US President Barack Obama met on Tuesday with defence ministers from 22 countries, acknowledging that he is "deeply concerned" about the advances IS is making in Iraq's Anbar province and in Syria, including the Kurdish town of Kobani. He vowed that US air strikes will continue in both countries, while saying that "important successes" have also been made in stopping IS in areas such as Erbil and Mosul.
"This is going to be a long-term campaign," Obama said without hinting at any changes in the current military strategy, which mainly involves air strikes. "There are not quick fixes involved. We are still in the early stages. As with any military effort, there will be days of progress and there are going to be periods of setbacks, but our coalition is united behind this long-term effort."

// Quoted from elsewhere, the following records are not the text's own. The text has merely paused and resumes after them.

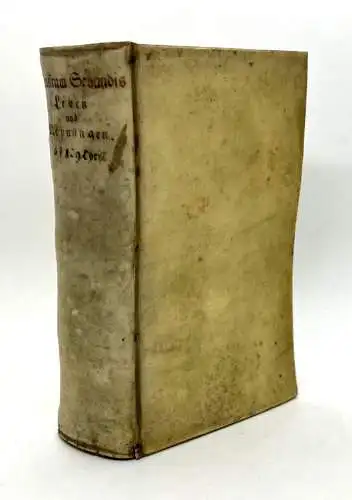 Tristram Schandis Leben  und Meynungen. [Übers.: Johann Joachim Christoph Bode].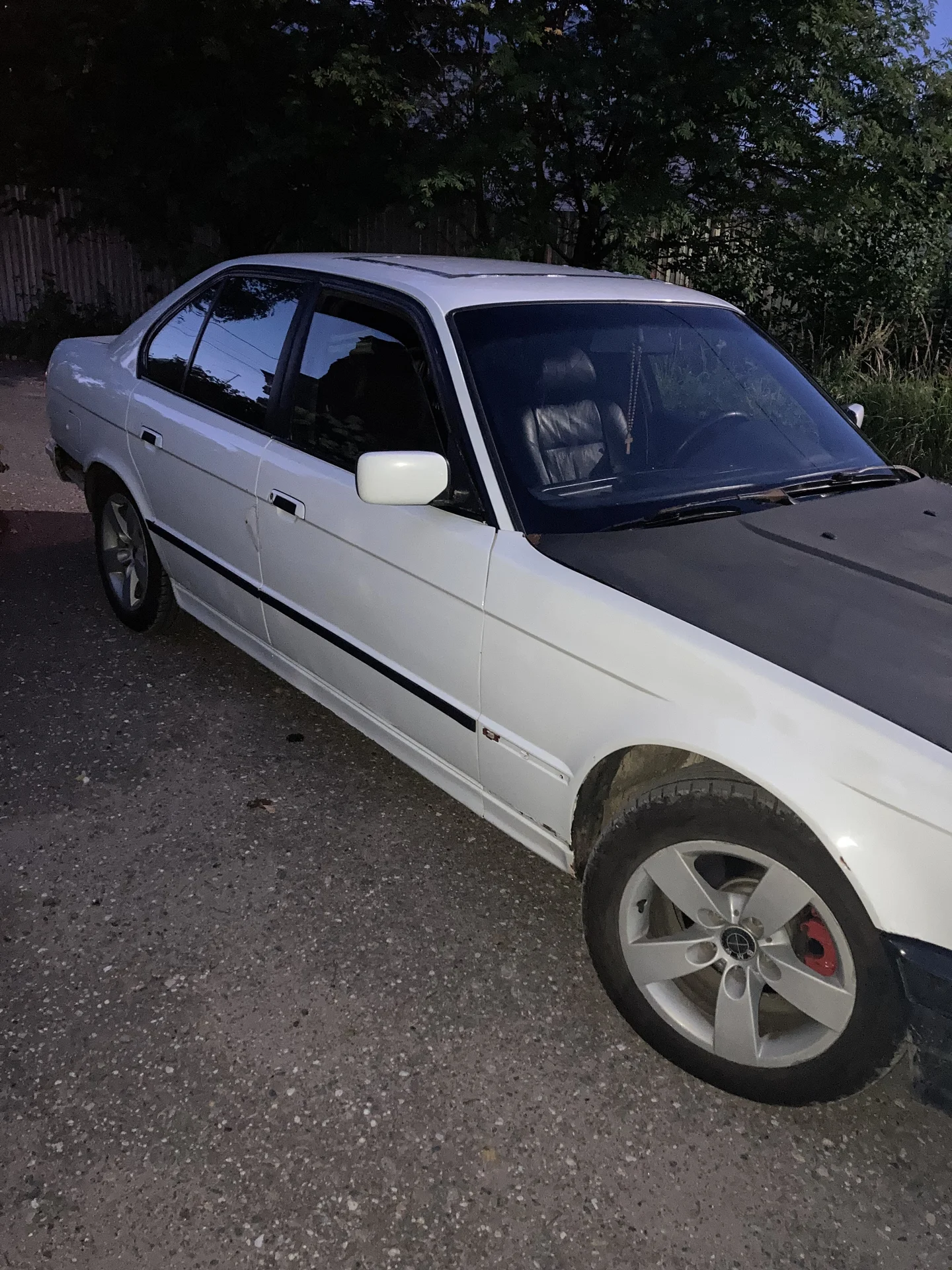 BMW 520i e34 - миниатюра 4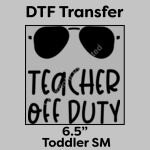 DTF Transfer 6.5" Thumbnail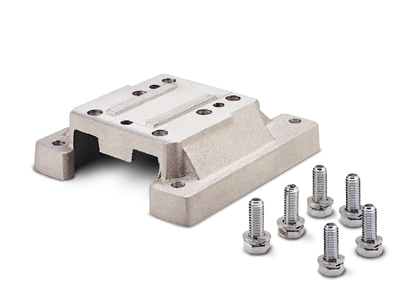 Image for G175710 GROVE LeCENTRIC HELICAL-INLINE INTERCHANGEABLE BASE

A US military official told Reuters news agency after the talks that there was an acknowledgement that IS was making some gains on the ground, despite the air strikes.
"In the short term, there are some gains that they have been able to make. In the long term, that momentum will be reversed," the official said.
Also on Tuesday, US Secretary of State John Kerry met with his Russian counterpart Sergey Lavrov in Paris, to discuss the latest developments in Iraq and Syria. Kerry said the US had agreed to "intensify intelligence cooperation with respect to IS and other counter-terrorism challenges of the region".
He said Moscow would also explore whether it could do more to help arm and train Iraq's embattled military. However, Kerry stopped short of saying that Moscow would join the US-led international coalition against IS.
The US and Russia have common ground in their concern about fighters from their countries joining IS, and then returning to carry out attacks at home.
"There may be as many as 500 or more from Russia," Kerry said. These include fighters from Russia's predominantly Muslim North Caucasus, a region where armed rebels have waged daily violence to establish an Islamic state.